Guard, who operates nine restaurants, hopes to open the new 900-square-foot Bubu this fall, he said.Bubusign

He’ll spend about $360,000 renovating the space, he said. The area is a former food court that housed 12 restaurants prior to a $5 million overhaul that added a co-working space and gym.

The new spot has a built-in clientele, Guard said – the 3,000 people who work in Republic Plaza’s 56 floors of offices. Bubu will be the only restaurant on the ground floor, Guard said.

He also plans to offer breakfast items such as smoothies and granola.

Guard hopes to open five Bubu locations in metro Denver in the next few years. He said the concept works best in high-density neighborhoods where customers can take their food to go or eat quickly.

The new spot will be Guard’s second Bubu-branded location after he opened a spot on Larimer Street in 2014.

Guard said starting May 7, he’ll renovate and rebrand a Bubu that opened last year at 7559 E. Academy Blvd., in the Lowry area, as an Asian restaurant named Lucky Cat. Guard plans to spend $100,000 on the renovation and to open Lucky Cat on May 17.
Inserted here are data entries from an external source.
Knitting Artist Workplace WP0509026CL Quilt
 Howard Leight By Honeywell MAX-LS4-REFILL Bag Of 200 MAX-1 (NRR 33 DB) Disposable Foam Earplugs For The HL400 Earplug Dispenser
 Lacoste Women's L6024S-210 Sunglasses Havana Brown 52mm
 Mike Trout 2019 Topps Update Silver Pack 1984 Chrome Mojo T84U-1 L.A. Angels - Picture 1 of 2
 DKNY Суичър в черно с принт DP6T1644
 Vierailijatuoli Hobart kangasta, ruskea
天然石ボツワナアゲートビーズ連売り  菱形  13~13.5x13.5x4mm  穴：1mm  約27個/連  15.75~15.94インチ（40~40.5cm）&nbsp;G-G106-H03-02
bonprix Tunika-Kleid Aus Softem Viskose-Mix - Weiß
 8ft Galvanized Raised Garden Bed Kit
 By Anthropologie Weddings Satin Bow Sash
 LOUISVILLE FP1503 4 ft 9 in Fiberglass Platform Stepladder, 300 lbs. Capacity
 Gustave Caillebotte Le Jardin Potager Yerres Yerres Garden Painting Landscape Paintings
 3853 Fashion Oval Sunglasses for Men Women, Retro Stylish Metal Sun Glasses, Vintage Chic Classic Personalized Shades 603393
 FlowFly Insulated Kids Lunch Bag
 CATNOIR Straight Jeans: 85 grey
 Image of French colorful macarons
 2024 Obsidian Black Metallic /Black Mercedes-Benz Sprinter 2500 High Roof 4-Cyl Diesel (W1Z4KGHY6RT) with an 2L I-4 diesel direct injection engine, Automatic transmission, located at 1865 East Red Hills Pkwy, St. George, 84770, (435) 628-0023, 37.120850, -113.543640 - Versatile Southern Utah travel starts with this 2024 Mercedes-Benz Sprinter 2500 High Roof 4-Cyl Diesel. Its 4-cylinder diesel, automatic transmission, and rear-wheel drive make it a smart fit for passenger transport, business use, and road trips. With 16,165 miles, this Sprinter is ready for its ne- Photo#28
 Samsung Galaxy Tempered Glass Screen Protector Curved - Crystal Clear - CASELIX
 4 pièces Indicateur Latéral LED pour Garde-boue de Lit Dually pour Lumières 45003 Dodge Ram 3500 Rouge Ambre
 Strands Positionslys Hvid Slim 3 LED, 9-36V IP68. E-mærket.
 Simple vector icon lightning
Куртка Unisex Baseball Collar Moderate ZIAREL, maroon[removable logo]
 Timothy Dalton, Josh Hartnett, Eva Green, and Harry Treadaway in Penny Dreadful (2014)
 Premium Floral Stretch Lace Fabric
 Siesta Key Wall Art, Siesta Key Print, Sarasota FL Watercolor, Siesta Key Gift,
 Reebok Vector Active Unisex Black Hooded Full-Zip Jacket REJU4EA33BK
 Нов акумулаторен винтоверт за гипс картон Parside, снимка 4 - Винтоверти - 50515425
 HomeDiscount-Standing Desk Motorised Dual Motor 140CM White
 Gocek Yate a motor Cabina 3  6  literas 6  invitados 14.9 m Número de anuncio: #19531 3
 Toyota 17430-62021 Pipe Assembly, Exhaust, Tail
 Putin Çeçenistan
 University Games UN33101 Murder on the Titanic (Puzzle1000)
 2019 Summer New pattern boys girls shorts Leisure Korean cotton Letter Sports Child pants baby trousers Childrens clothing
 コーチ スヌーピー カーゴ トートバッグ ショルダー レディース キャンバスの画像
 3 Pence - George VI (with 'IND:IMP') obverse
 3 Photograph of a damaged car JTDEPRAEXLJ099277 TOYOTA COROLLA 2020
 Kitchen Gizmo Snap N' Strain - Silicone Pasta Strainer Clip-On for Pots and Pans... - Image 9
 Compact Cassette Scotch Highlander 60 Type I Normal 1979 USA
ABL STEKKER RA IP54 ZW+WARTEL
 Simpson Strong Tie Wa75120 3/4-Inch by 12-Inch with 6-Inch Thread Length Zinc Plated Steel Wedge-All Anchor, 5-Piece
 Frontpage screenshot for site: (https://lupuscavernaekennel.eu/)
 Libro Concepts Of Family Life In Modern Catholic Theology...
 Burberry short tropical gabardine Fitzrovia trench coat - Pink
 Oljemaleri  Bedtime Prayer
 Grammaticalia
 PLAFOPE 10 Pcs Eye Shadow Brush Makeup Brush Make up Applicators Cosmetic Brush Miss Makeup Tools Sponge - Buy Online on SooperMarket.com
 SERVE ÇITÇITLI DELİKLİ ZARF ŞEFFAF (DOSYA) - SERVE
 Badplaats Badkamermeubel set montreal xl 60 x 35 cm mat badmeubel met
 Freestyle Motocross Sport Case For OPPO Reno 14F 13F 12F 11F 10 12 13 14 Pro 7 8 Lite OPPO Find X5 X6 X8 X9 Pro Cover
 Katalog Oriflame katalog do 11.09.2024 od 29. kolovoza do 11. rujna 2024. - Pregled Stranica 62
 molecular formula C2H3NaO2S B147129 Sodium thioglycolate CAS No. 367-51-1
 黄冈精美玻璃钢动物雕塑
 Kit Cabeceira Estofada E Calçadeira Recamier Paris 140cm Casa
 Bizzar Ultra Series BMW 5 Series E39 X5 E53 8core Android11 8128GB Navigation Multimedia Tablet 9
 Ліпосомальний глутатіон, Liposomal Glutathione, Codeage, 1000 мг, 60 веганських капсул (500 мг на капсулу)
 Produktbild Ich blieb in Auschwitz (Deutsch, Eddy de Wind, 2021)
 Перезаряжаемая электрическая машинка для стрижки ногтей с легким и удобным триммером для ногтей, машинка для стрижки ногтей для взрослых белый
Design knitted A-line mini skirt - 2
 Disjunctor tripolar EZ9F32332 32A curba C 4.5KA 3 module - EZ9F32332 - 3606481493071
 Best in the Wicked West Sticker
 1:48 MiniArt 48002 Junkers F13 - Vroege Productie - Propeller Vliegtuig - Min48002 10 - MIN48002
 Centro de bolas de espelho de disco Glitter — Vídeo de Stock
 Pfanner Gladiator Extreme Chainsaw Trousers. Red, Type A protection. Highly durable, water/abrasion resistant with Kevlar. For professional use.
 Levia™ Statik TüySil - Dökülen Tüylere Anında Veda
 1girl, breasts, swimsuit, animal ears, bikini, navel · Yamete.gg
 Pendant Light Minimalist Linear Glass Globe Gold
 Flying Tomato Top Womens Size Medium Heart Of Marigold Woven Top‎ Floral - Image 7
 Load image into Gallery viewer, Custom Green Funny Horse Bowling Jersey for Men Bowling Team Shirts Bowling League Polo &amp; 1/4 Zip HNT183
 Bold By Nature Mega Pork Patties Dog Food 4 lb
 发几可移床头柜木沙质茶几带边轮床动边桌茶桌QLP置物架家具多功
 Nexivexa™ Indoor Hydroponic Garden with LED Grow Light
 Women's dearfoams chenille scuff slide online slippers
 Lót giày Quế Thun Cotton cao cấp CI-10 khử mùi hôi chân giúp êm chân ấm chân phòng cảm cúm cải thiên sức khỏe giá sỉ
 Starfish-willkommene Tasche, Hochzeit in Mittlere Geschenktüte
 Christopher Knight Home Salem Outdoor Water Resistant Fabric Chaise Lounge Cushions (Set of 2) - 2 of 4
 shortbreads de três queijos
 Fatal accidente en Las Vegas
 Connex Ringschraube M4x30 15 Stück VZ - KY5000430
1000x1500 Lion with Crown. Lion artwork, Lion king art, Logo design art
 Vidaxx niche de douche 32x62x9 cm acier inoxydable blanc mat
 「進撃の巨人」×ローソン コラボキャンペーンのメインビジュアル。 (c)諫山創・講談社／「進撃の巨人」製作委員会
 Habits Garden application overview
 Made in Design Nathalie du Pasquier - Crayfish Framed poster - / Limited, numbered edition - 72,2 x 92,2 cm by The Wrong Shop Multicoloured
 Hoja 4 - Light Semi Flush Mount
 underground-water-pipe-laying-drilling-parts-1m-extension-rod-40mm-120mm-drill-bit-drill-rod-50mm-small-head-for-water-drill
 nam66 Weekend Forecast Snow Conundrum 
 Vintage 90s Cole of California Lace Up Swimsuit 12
The restaurant will feature Asian fare such as dumplings and sesame chicken priced between $15 and $20, Guard said, and will have a full bar with a sake-dispensing machine.

“We love the location and the layout, but we don’t have the client turnover – the check average is low, so you need a lot of turnover for it to make sense,” Guard said. “Lucky Cat is going to be more of a sit-down place.

“The only reason I didn’t do Asian with my first place (LoDo’s TAG Restaurant, opened in 2009) is because I didn’t want to get pigeonholed into one style,” Guard said. “Now it’s come full circle.”

Guard plans to open six more restaurants this year in neighborhoods such as the Highlands, Sunnyside and Stapleton.